How to complete this task => Take the line with "Toyota C-HR 1.8" as the first and the last line of the data as the end. Write out both and every line between exactly, except pictures.

Crawled caption data
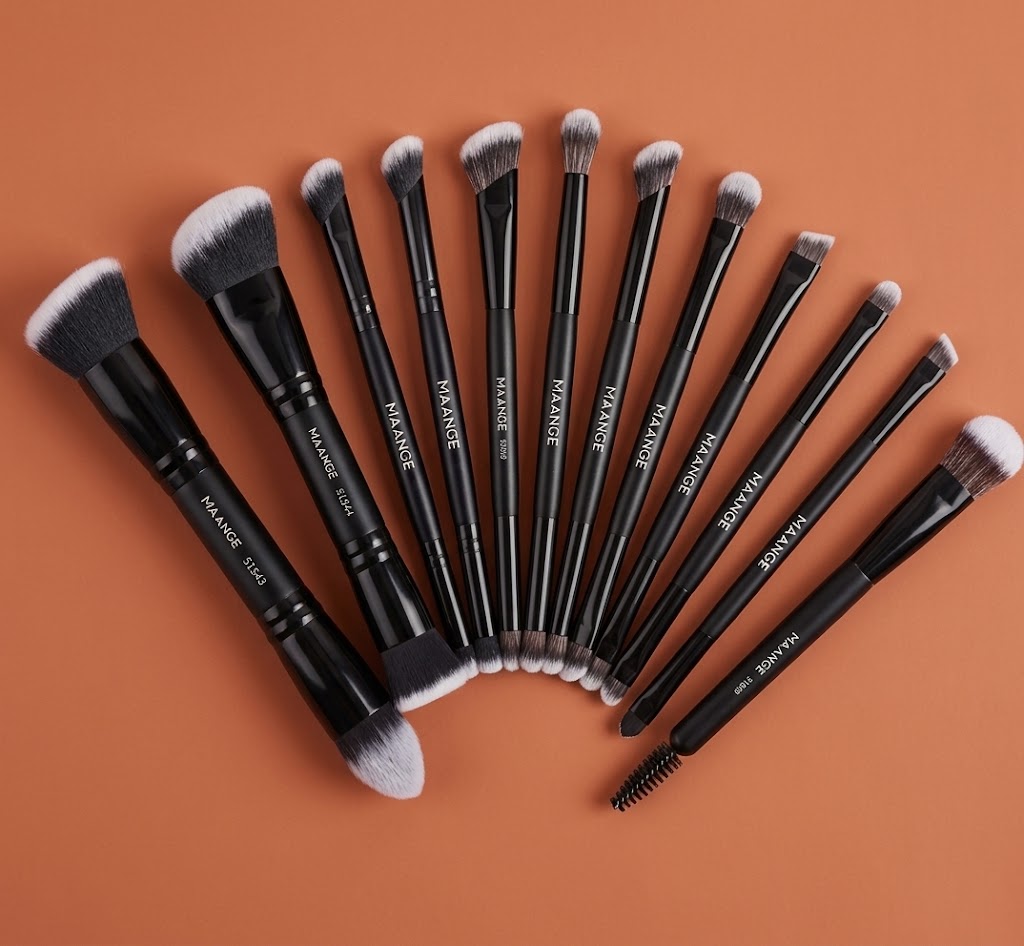 Beauty Bliss™ – 12-Piece Makeup Brush Set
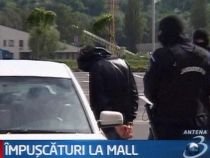 Focuri de armă în parcarea unui mall din Suceava
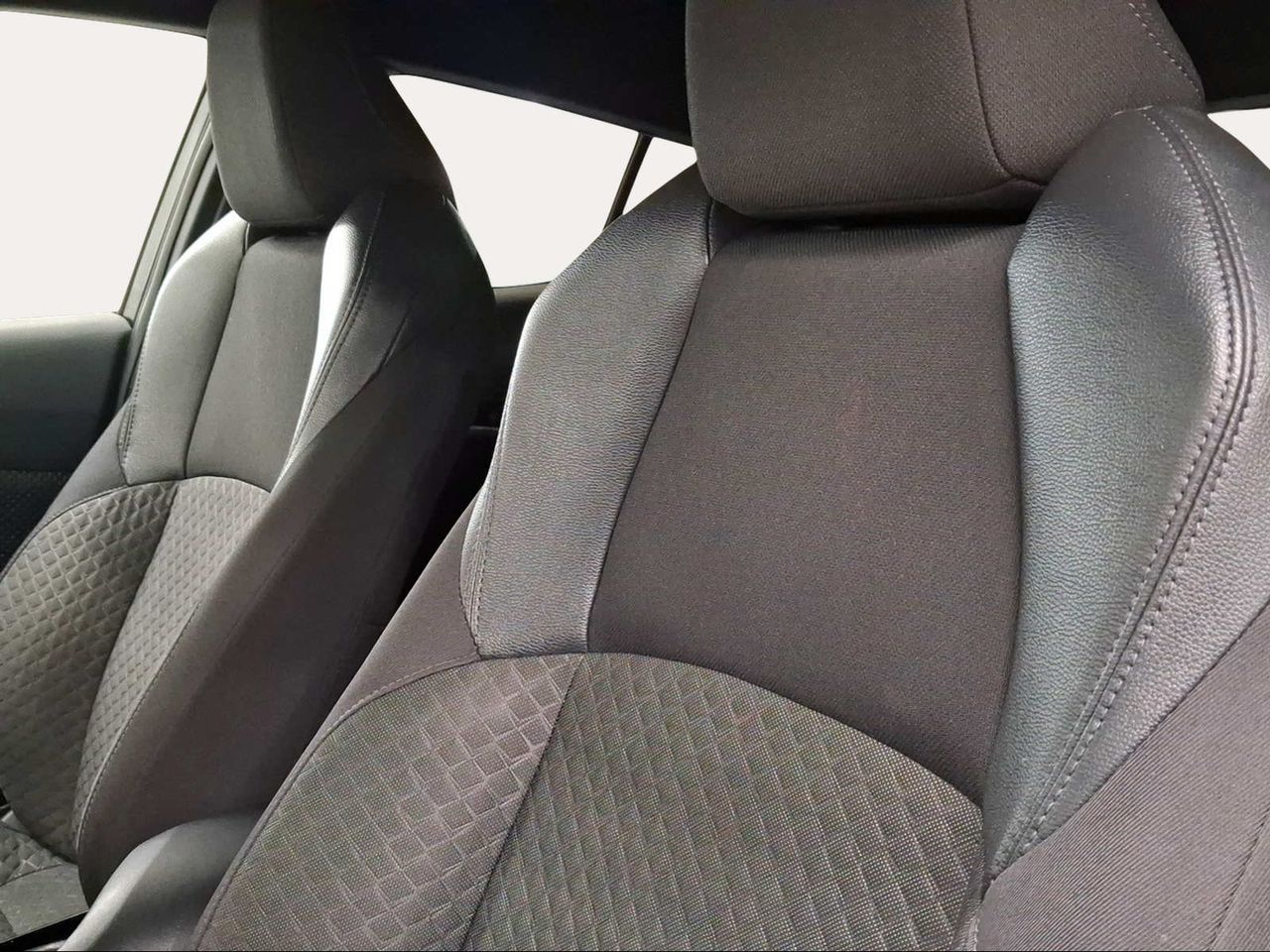 Toyota C-HR 1.8 125H Advance  - Foto 23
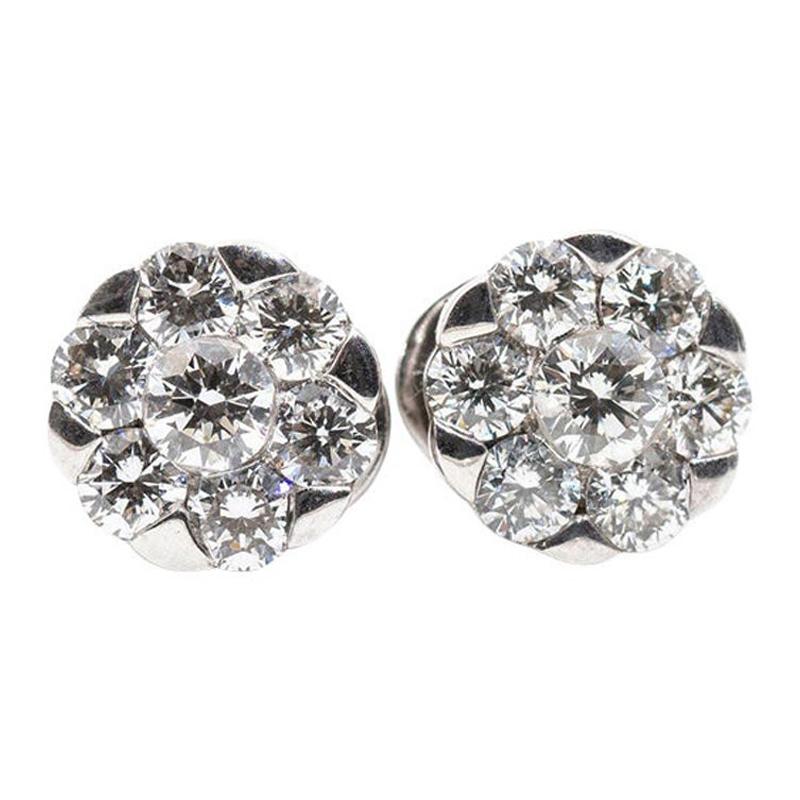 1.8 Carat Diamond Flower/Cluster Stud Earring 18 Karat White Gold For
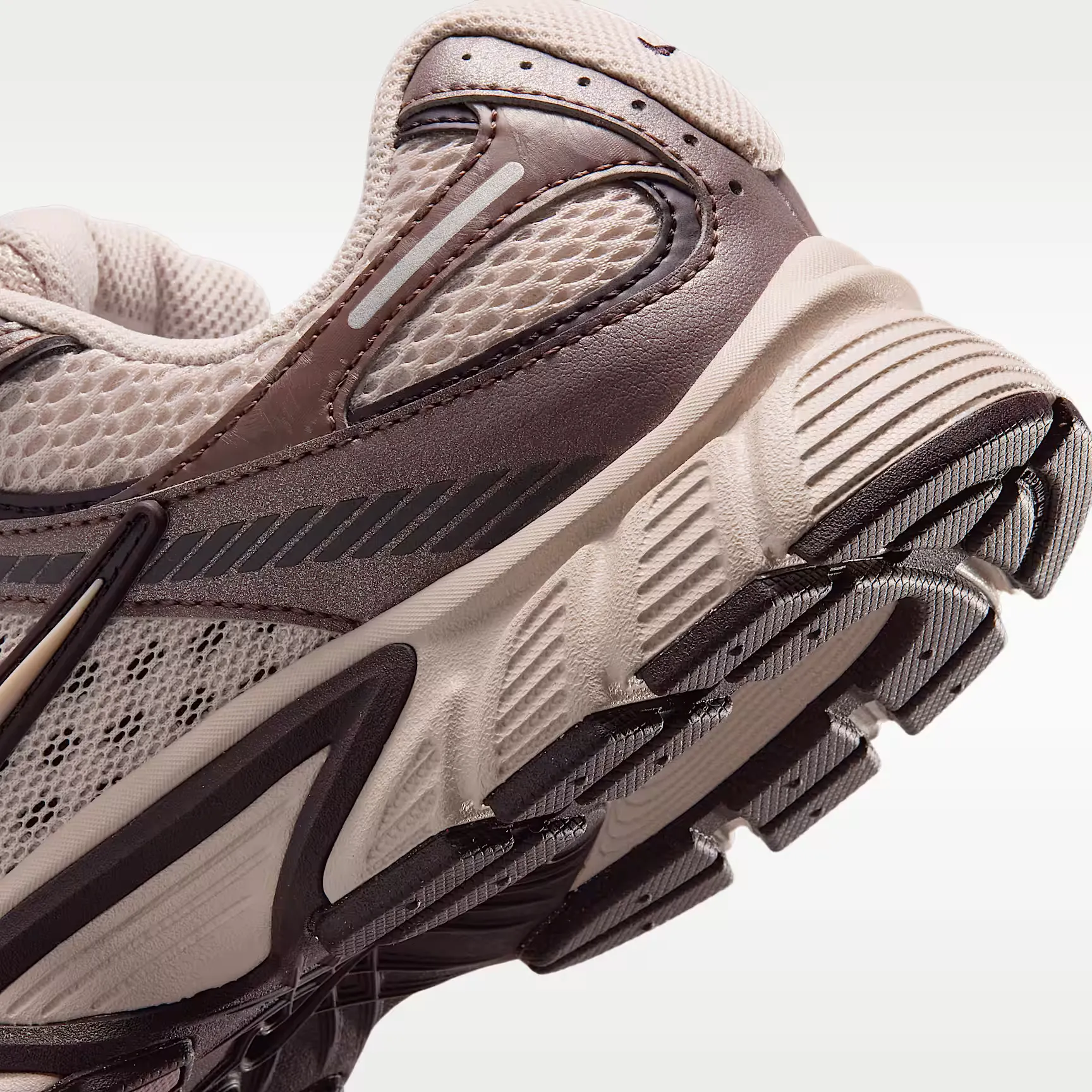 000000_Nike_Nike-V5-Rnr-Wmns-Se_IO0464-600_img7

Written response =>
 Toyota C-HR 1.8 125H Advance  - Foto 23
 1.8 Carat Diamond Flower/Cluster Stud Earring 18 Karat White Gold For
 000000_Nike_Nike-V5-Rnr-Wmns-Se_IO0464-600_img7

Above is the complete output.